Ungaro was vice president of worldwide deep computing sales for IBM, and he was in charge of all IBM servers and storage as they related to high performance computing, life sciences, digital media, and business intelligence.
He was hired away by Cray in August 2003 to take over its sales. Cray has brought two supercomputer architectures to market–the Cray X1 multistreaming vector processors and the Red Storm Opteron-Linux Cray XT3.
Cray was also helped significantly through its $115m acquisition of Canadian Opteron-Linux supercomputer maker OctigaBay, and has commercialized that product as the Cray XD1. All three product lines are now selling, and after some initial supply constraints, Cray could be heading into an easier sales cycle. But it has posted $144m in losses against $149m in sales in 2004.

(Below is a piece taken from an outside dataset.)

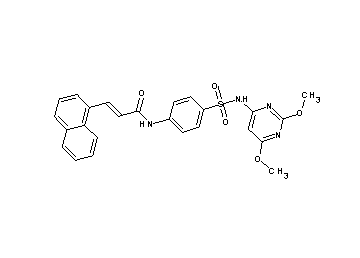 N-(4-{[(2,6-dimethoxy-4-pyrimidinyl)amino]sulfonyl}phenyl)-3-(1-naphthyl)acrylamide - Click Image to Close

o say that Cray has to focus on sales execution now is an understatement. But, to be fair, the supercomputer business is, by its nature, a choppy one, and with so many large projects, a small delay can push a relatively large amount of sales out into the future. Cray had, for instance, $237m in sales and $63m in profits in 2003.
Jim Rottsolk, Cray’s chairman and CEO, says that Ungaro’s appointment as president will allow him more time to focus on Cray’s product strategy. All Cray departments except finance and legal and relations with the governments of the world with which Cray does business will now report to Ungaro.